## Required work
Can you copy out the data exactly? Leave the images out.

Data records
_ _ _ _ _

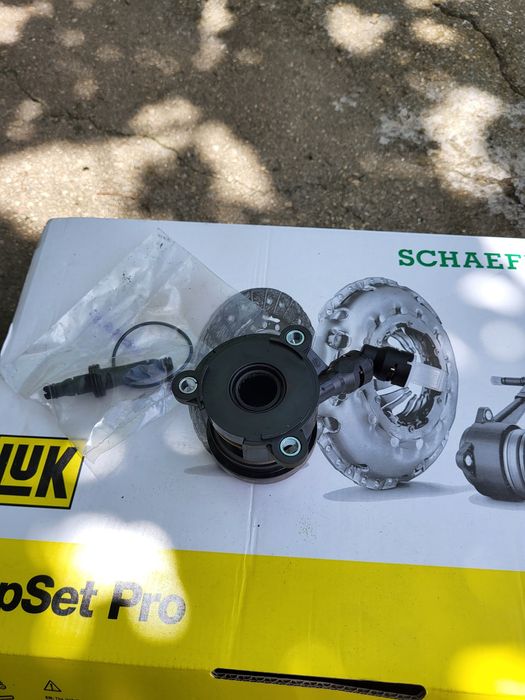 Помпа за съединител OPEL VECTRA C - чисто нова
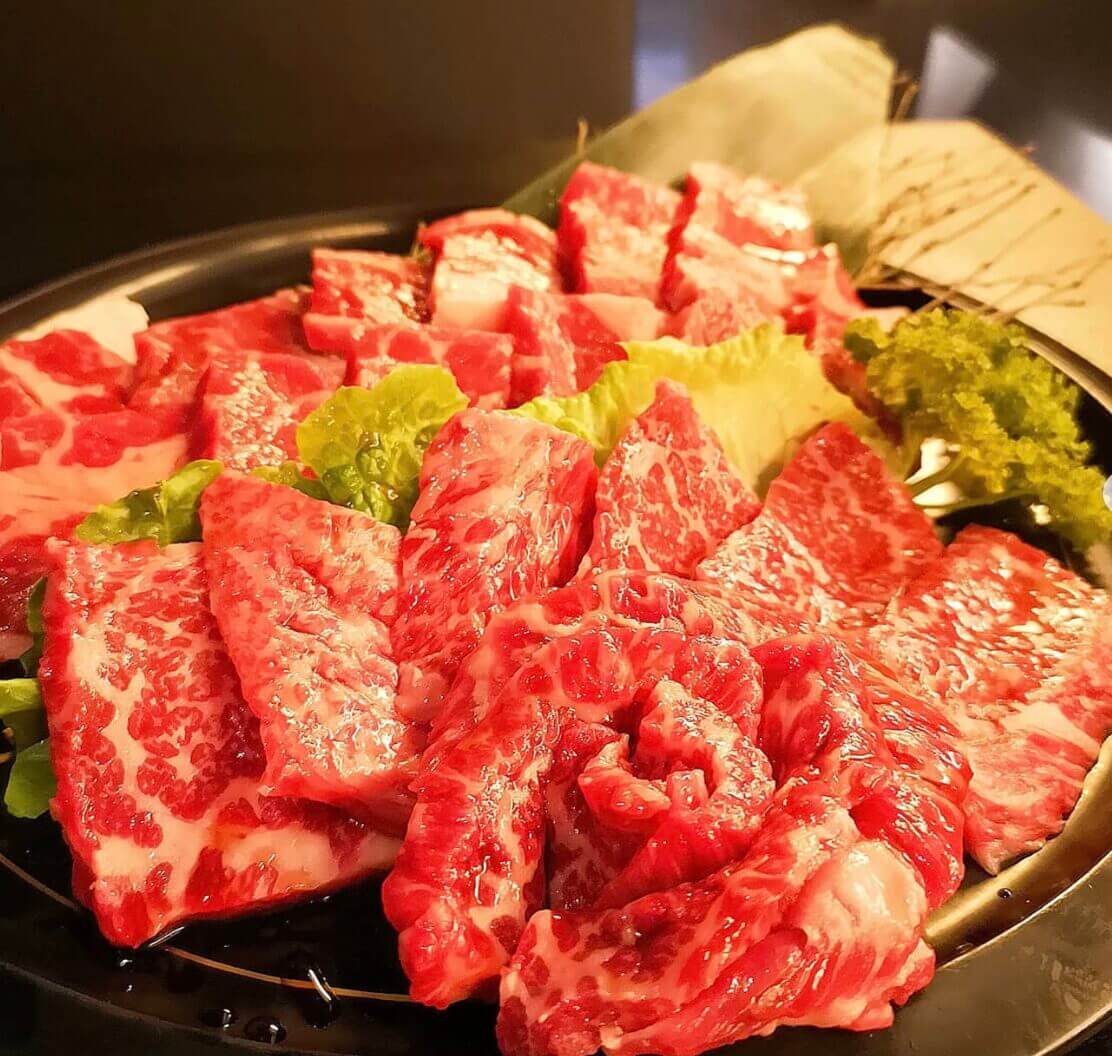 台北美食|精選6家小巨蛋周邊人氣料理,西班牙、義式、日式、中式與星馬美食樣樣有!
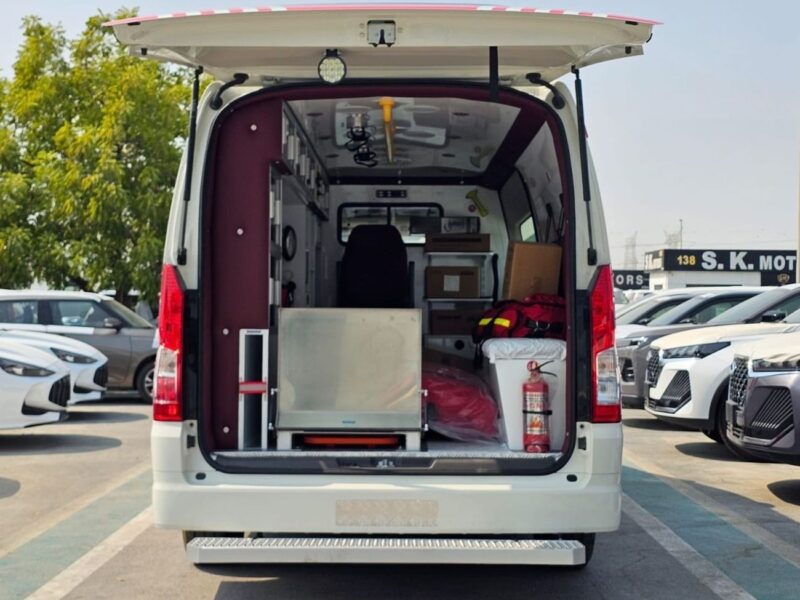 2026 Toyota HIACE HIGHROOF AMBULANCE GL 2.8L DIESEL Engine V4 White Grey Van GCC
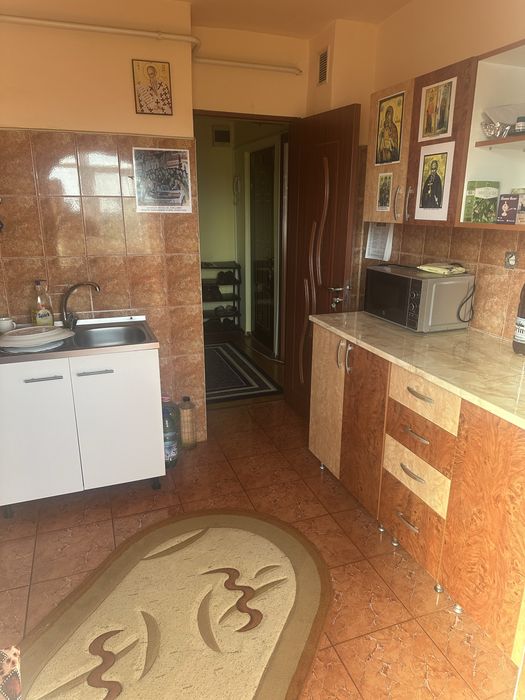 Apartament 3 camere Buzaului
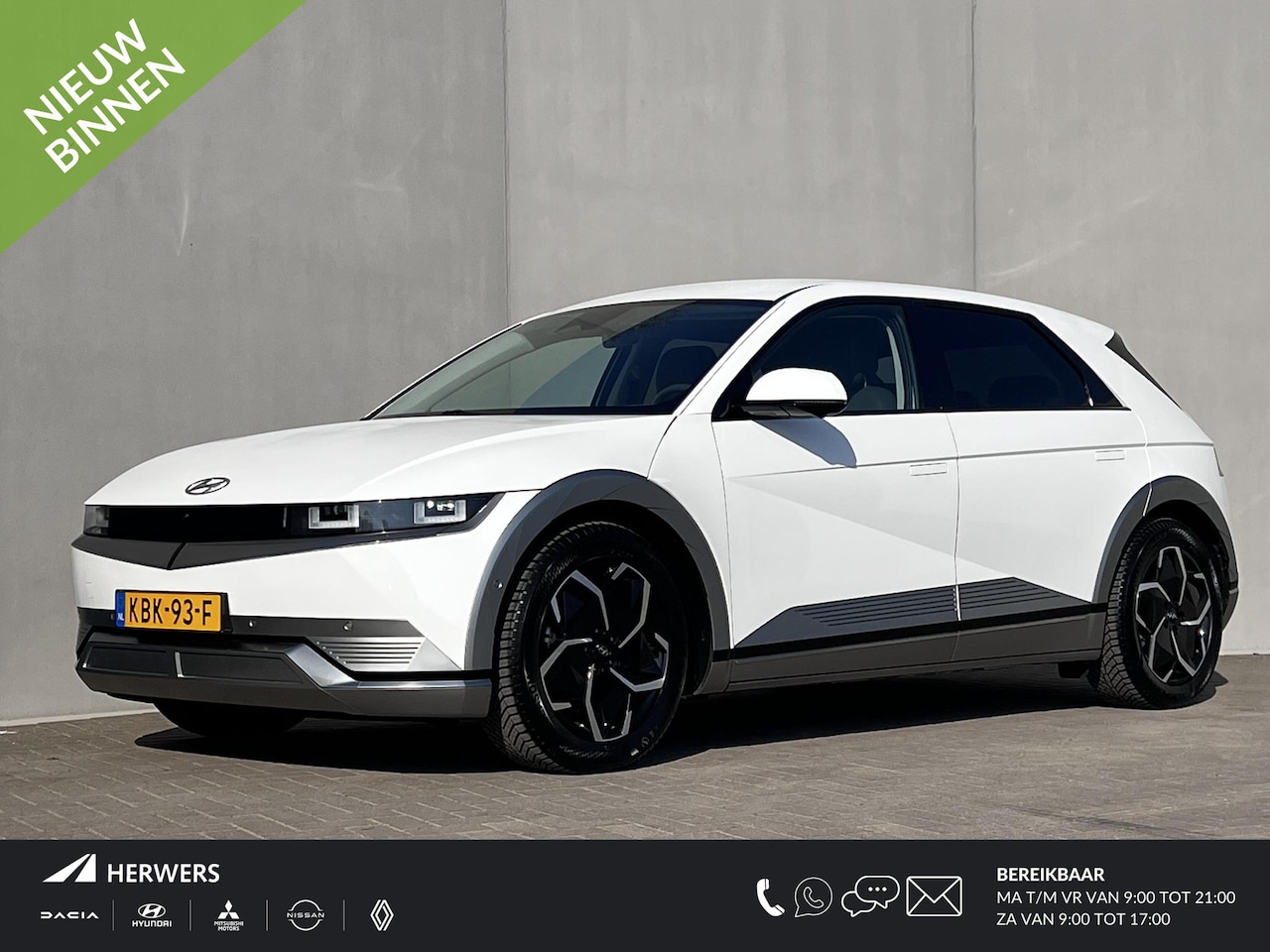 Hyundai IONIQ 5 - Connect 77.4 kWh Automaat / Dealer onderhouden / Accu SoH 100% / 1.600 kg afn. trekhaak / - AutoWereld.nl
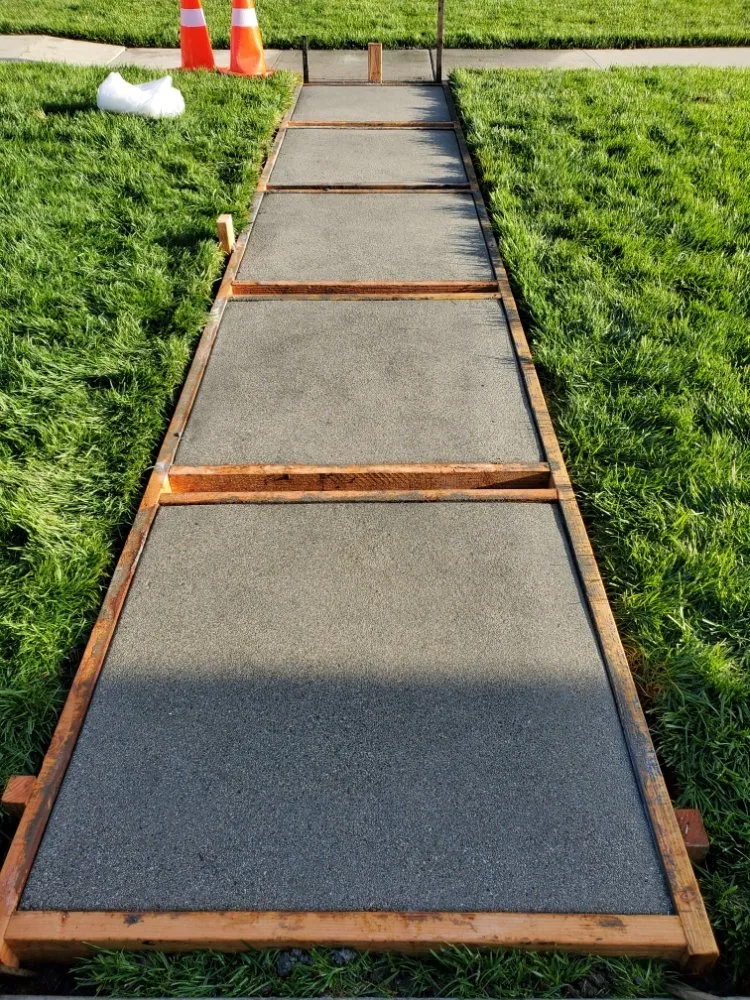 Expert garden landscaping for residential properties in Inglewood, CA by ER Landscape & Maintenance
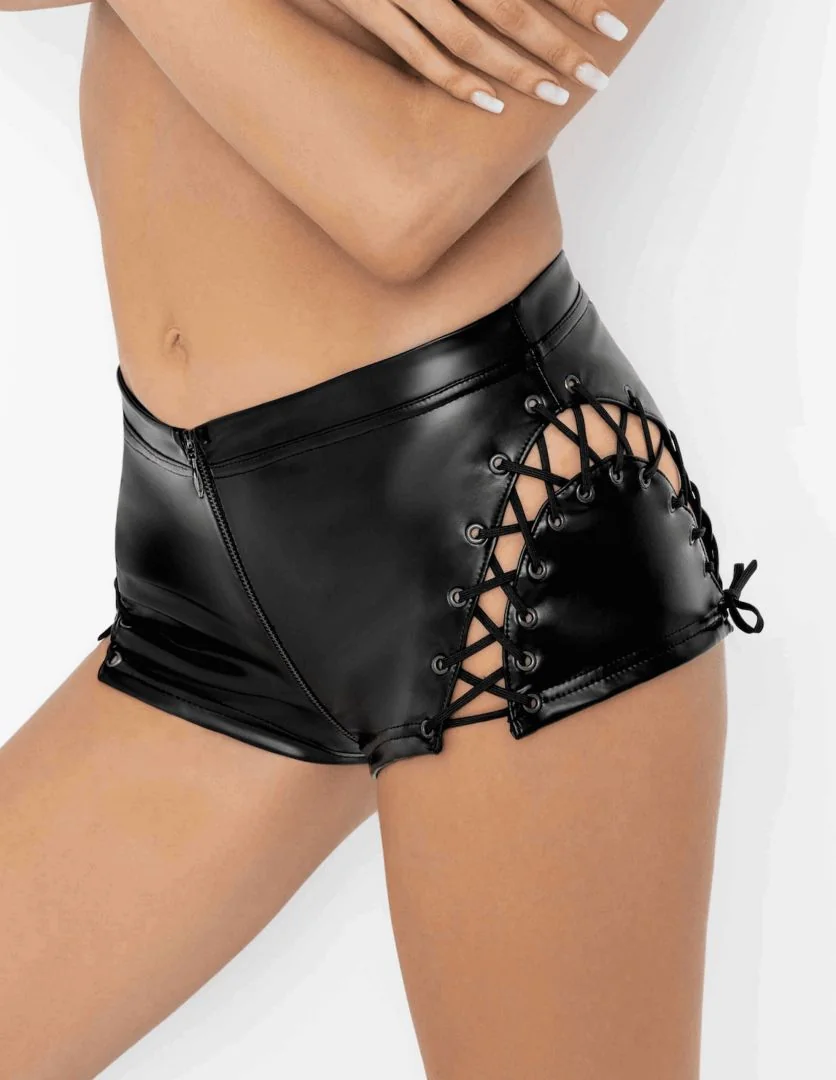 F292 Short aus Powerwetlook mit Spitzenakzenten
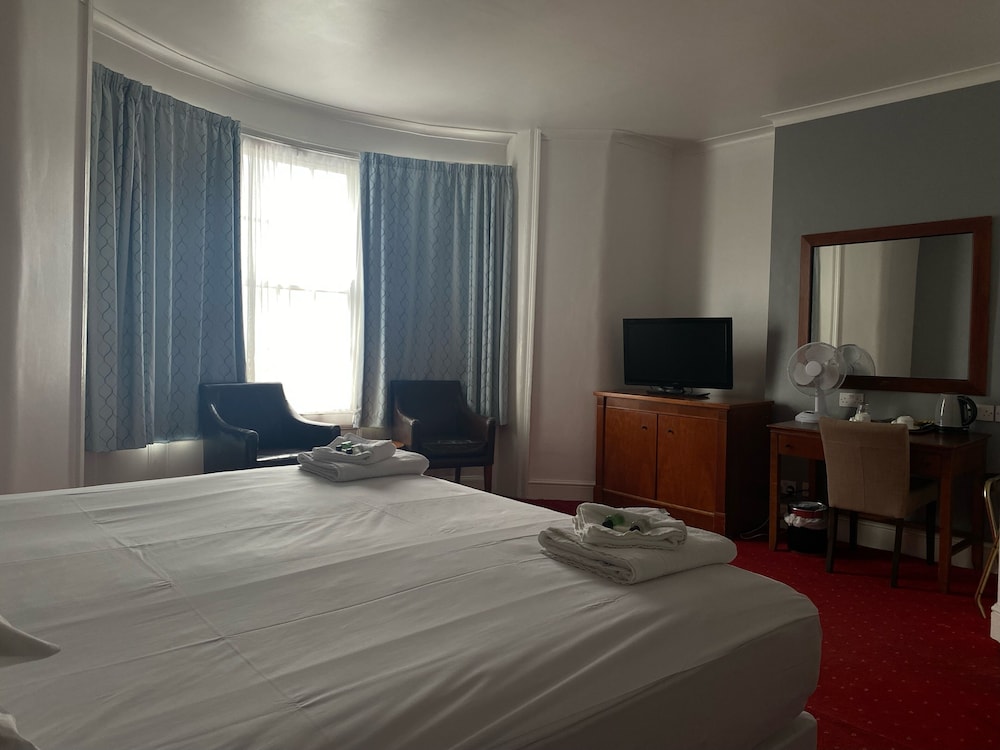 The Beach Hotel 14/48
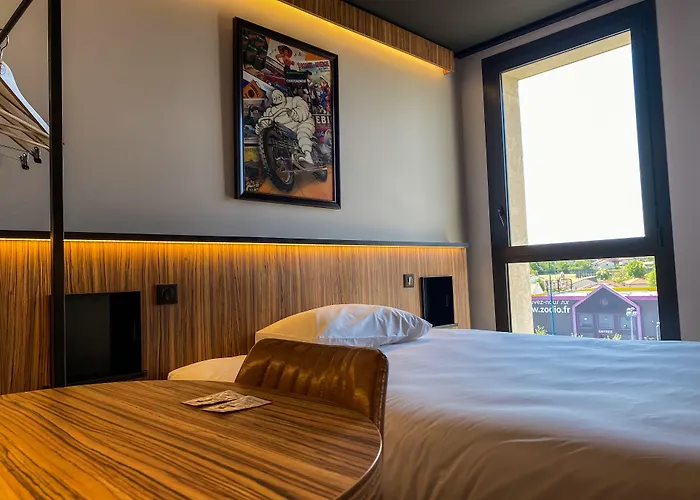 Ebreuil Hotels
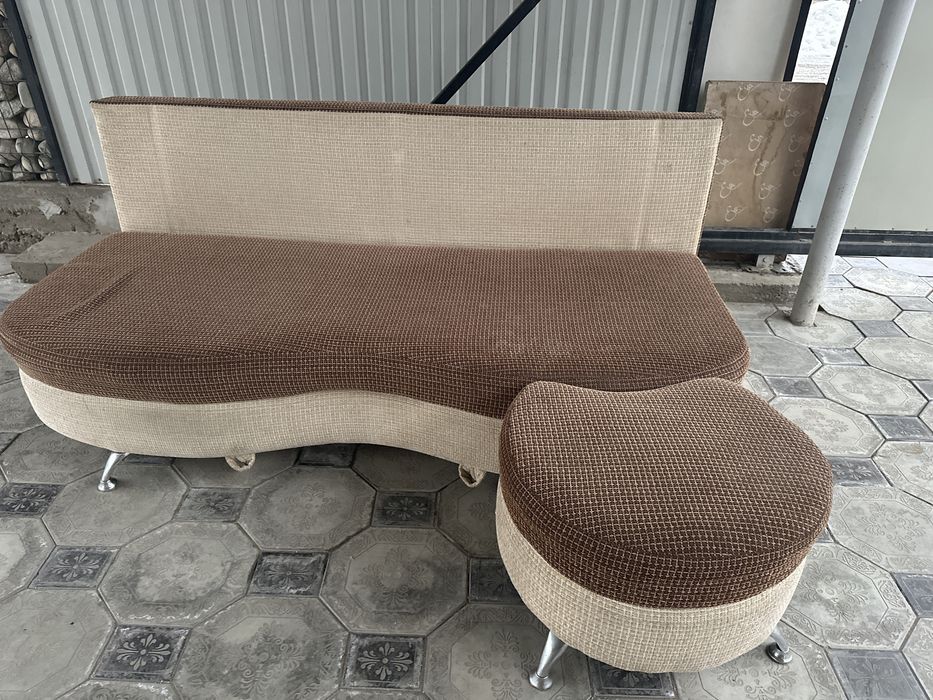 Диван в отличном состоянии…..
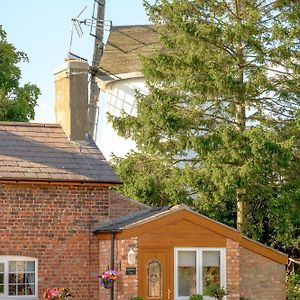 Saughall Mill Farm Cottage Chester Exterior photo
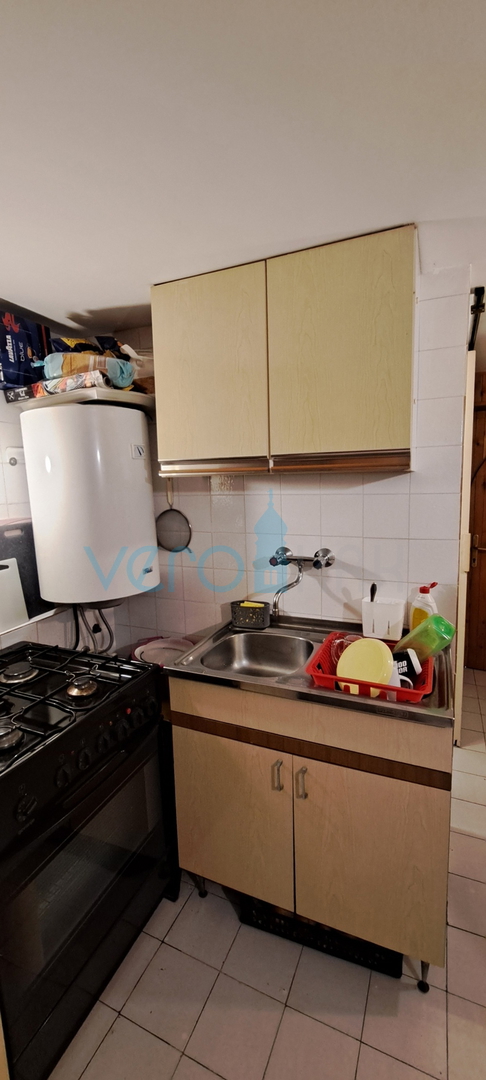 Omišalj, otok Krk, avtohtona kamnita hiša v vrsti, terasa, prodaja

_ _ _ _ _

## Solved problem
 Помпа за съединител OPEL VECTRA C - чисто нова
 台北美食|精選6家小巨蛋周邊人氣料理,西班牙、義式、日式、中式與星馬美食樣樣有!
 2026 Toyota HIACE HIGHROOF AMBULANCE GL 2.8L DIESEL Engine V4 White Grey Van GCC
 Apartament 3 camere Buzaului
 Hyundai IONIQ 5 - Connect 77.4 kWh Automaat / Dealer onderhouden / Accu SoH 100% / 1.600 kg afn. trekhaak / - AutoWereld.nl
 Expert garden landscaping for residential properties in Inglewood, CA by ER Landscape & Maintenance
 F292 Short aus Powerwetlook mit Spitzenakzenten
 The Beach Hotel 14/48
 Ebreuil Hotels
 Диван в отличном состоянии…..
 Saughall Mill Farm Cottage Chester Exterior photo
 Omišalj, otok Krk, avtohtona kamnita hiša v vrsti, terasa, prodaja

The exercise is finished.